- Exercise requirements:
Every record is to be copied unchanged, except that its pictures are removed.

- Study material:
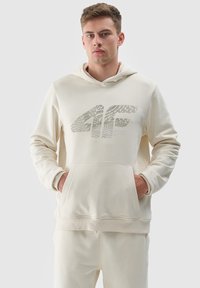 Crème-kleurige hoodie van zacht materiaal, met een voorzak in kangoeroestijl en een grafisch logo ontwerp op de borst.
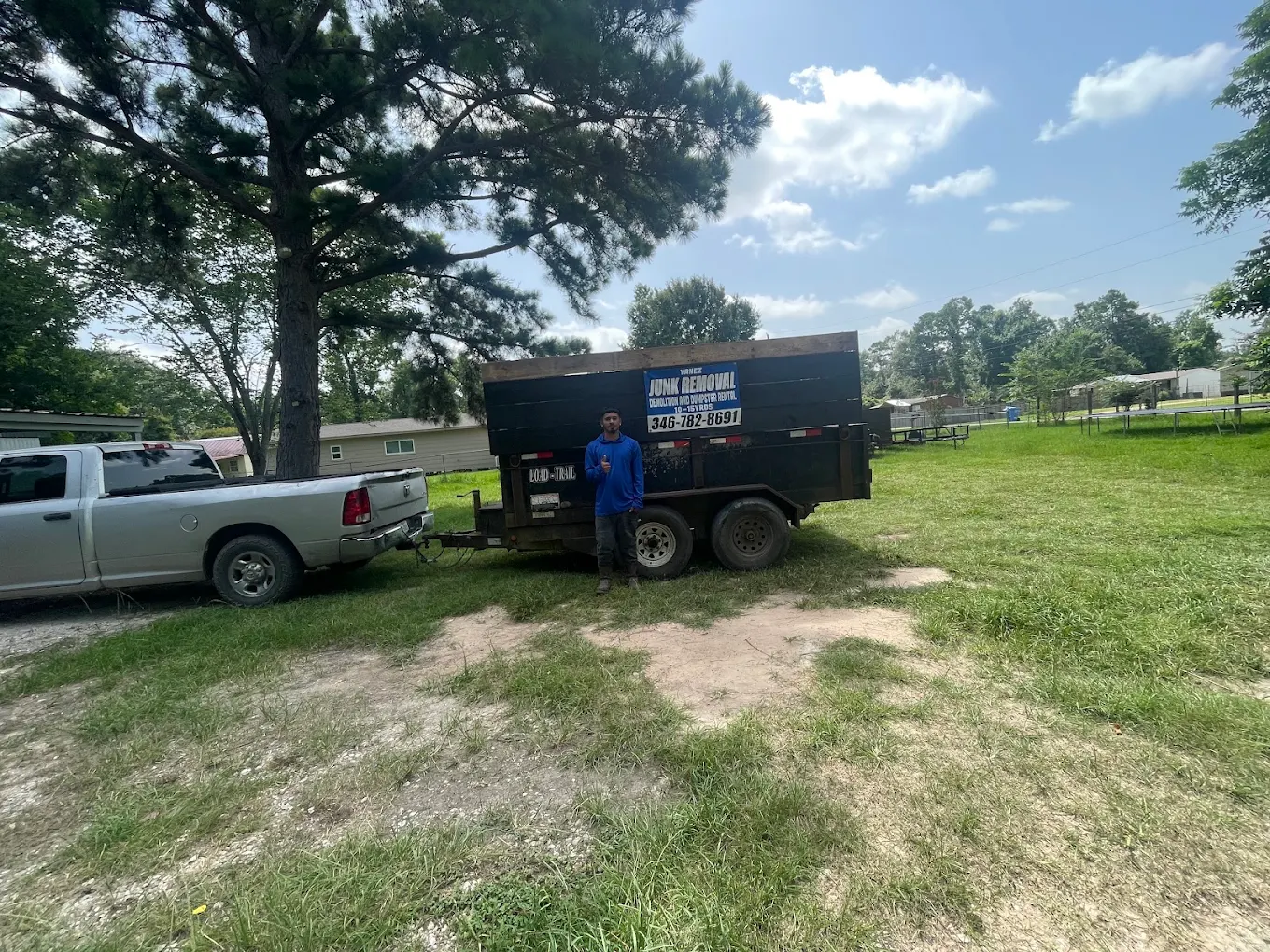 Yanez crew member with the junk removal truck in Porter, TX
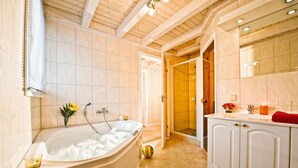 A modern bathroom with a freestanding bathtub, a walk-in shower, and a vanity with a mirror.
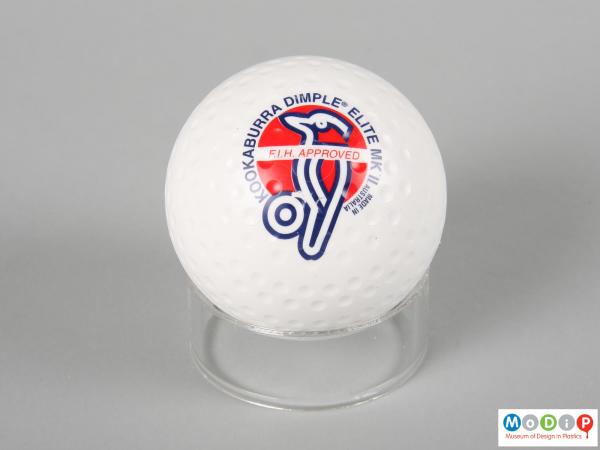 Side view of a hockey ball showing the printed logo and information.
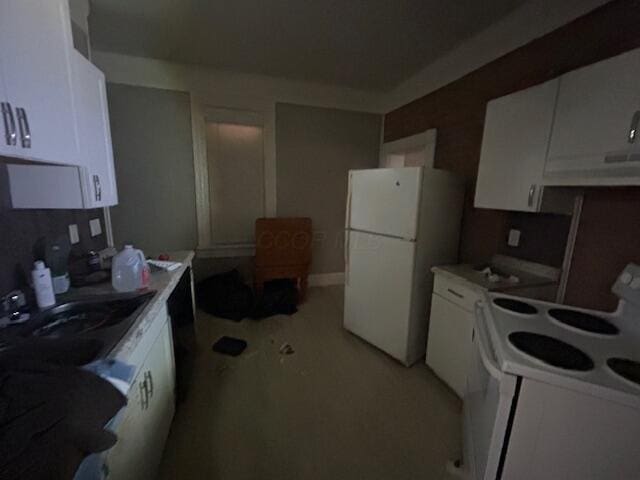kitchen with white appliances, light countertops, and white cabinets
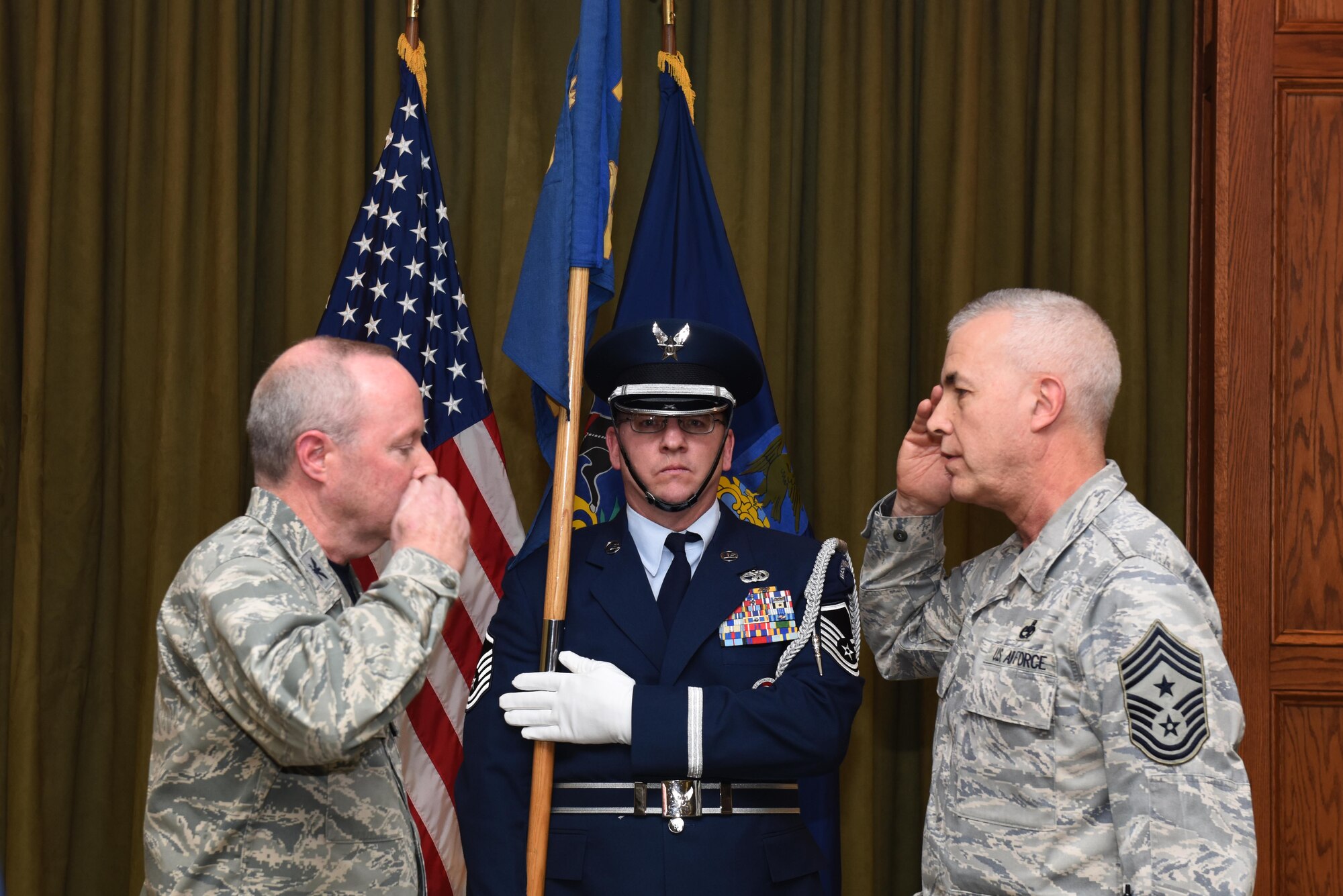Former State Command Chief Master Sgt. Victor Guerra salutes Col. Mike Regan, Commander, Pennsylvania Air National Guard, as he states, “Sir, I relinquish responsibility,” as he retires from the position he’s held since October 2011. The change of responsibly ceremony includes the passing of the guidon, a symbolic representation of the relinquishment and acceptance of the position, as well as verbal acknowledgement of the position change. (U.S. Air National Guard Photo by Tech. Sgt. Claire Behney/Released)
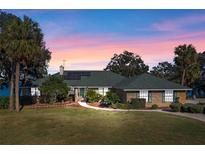 Charming single-story home boasts lush landscaping, brick accents, and a walkway leading to the front door at 37734 N County Road 44A, Eustis, FL 32736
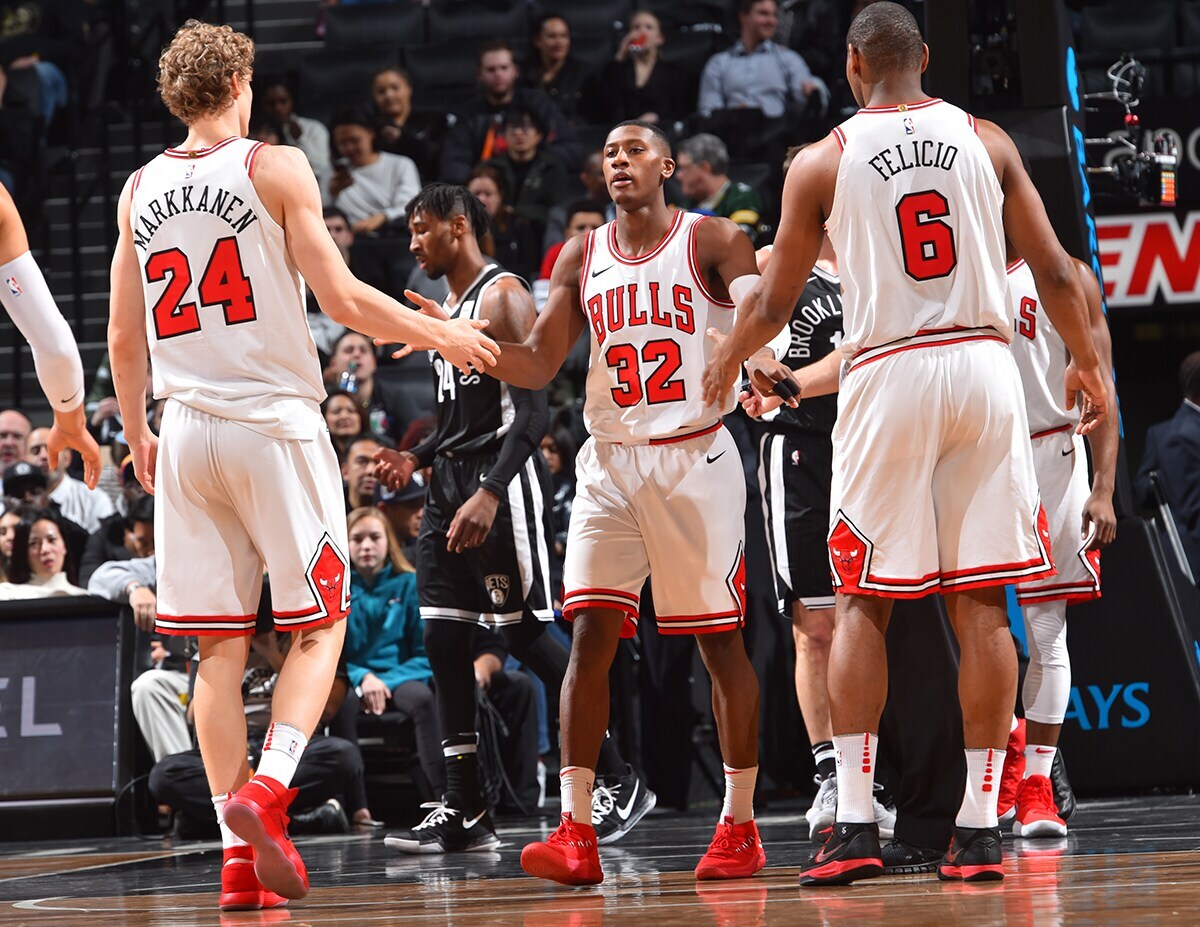 Lauri Markkanen, Kris Dunn & Cristiano Felicio of the Chicago Bulls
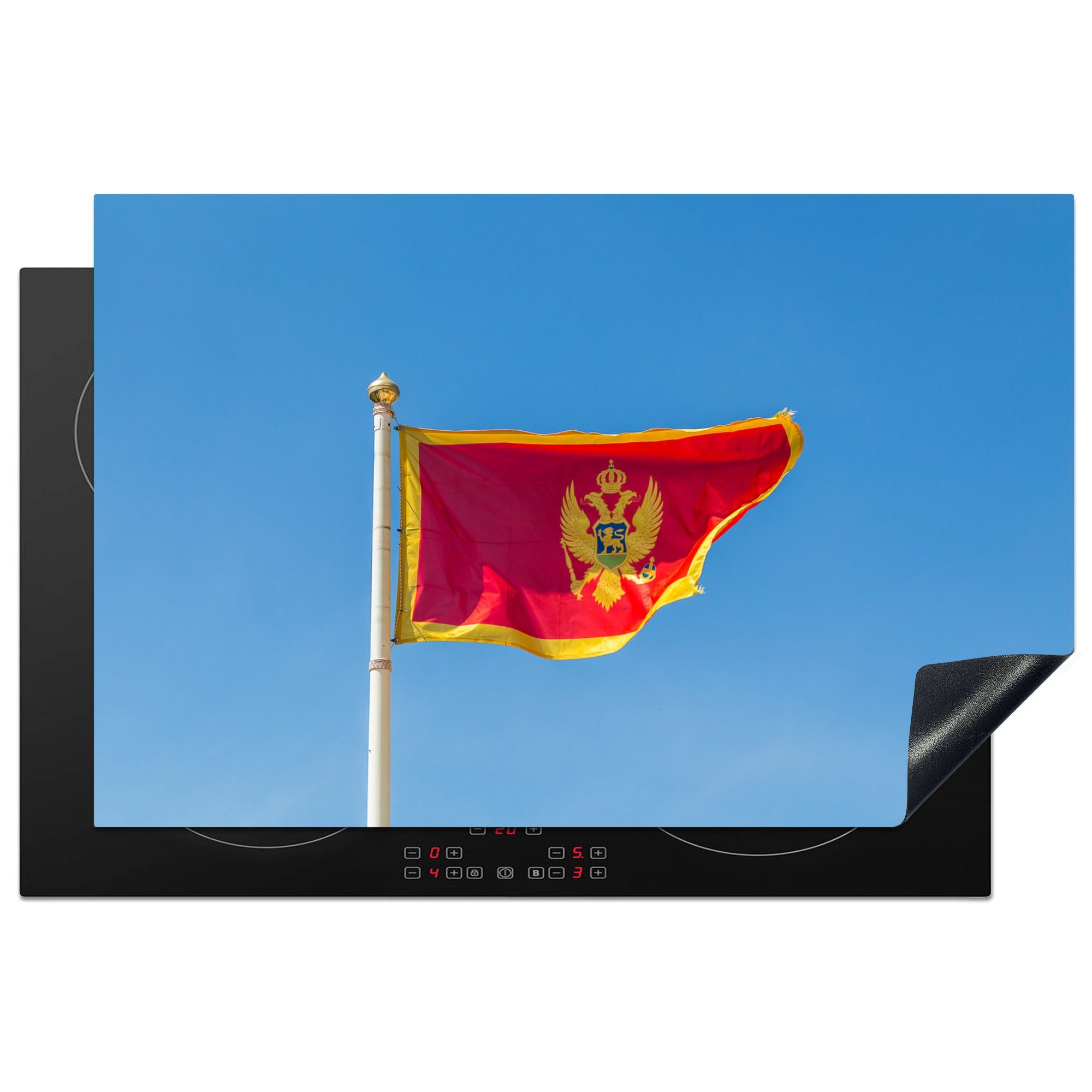 MuchoWow Herdblende-/Abdeckplatte Flagge von Montenegro vor einem klaren blauen Himmel, Vinyl, (1 tlg), 81x52 cm, Induktionskochfeld Schutz für die küche, Ceranfeldabdeckung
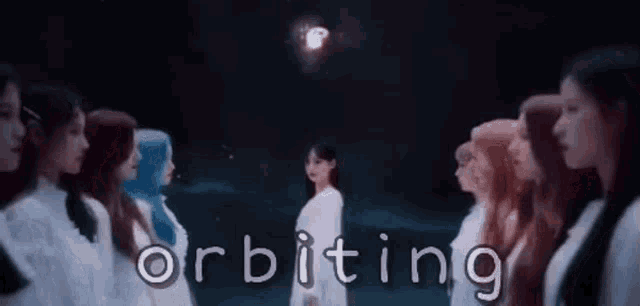 a group of women are standing next to each other in a dark room with the words orbiting written on the bottom .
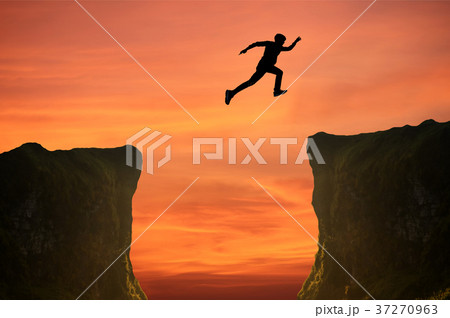 man jumping over the cliff, silhouette man jumping over the cliff, silhouette 37270963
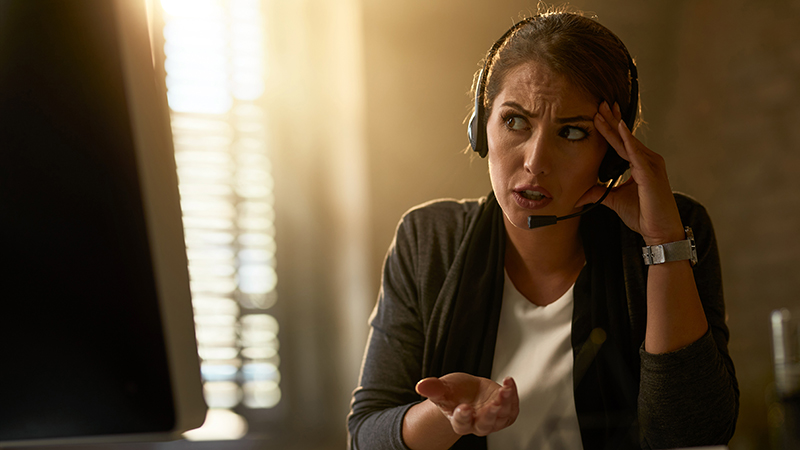 Woman confused on a phone call as a threat actor attempts to use AI phishing tools to infiltrate an organization.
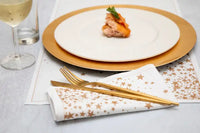 Organic cotton napkin and placemat with gold star pattern at a formal place setting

- Answer to the exercise:
 Crème-kleurige hoodie van zacht materiaal, met een voorzak in kangoeroestijl en een grafisch logo ontwerp op de borst.
 Yanez crew member with the junk removal truck in Porter, TX
 A modern bathroom with a freestanding bathtub, a walk-in shower, and a vanity with a mirror.
 Side view of a hockey ball showing the printed logo and information.
kitchen with white appliances, light countertops, and white cabinets
Former State Command Chief Master Sgt. Victor Guerra salutes Col. Mike Regan, Commander, Pennsylvania Air National Guard, as he states, “Sir, I relinquish responsibility,” as he retires from the position he’s held since October 2011. The change of responsibly ceremony includes the passing of the guidon, a symbolic representation of the relinquishment and acceptance of the position, as well as verbal acknowledgement of the position change. (U.S. Air National Guard Photo by Tech. Sgt. Claire Behney/Released)
 Charming single-story home boasts lush landscaping, brick accents, and a walkway leading to the front door at 37734 N County Road 44A, Eustis, FL 32736
 Lauri Markkanen, Kris Dunn & Cristiano Felicio of the Chicago Bulls
 MuchoWow Herdblende-/Abdeckplatte Flagge von Montenegro vor einem klaren blauen Himmel, Vinyl, (1 tlg), 81x52 cm, Induktionskochfeld Schutz für die küche, Ceranfeldabdeckung
 a group of women are standing next to each other in a dark room with the words orbiting written on the bottom .
 man jumping over the cliff, silhouette man jumping over the cliff, silhouette 37270963
 Woman confused on a phone call as a threat actor attempts to use AI phishing tools to infiltrate an organization.
 Organic cotton napkin and placemat with gold star pattern at a formal place setting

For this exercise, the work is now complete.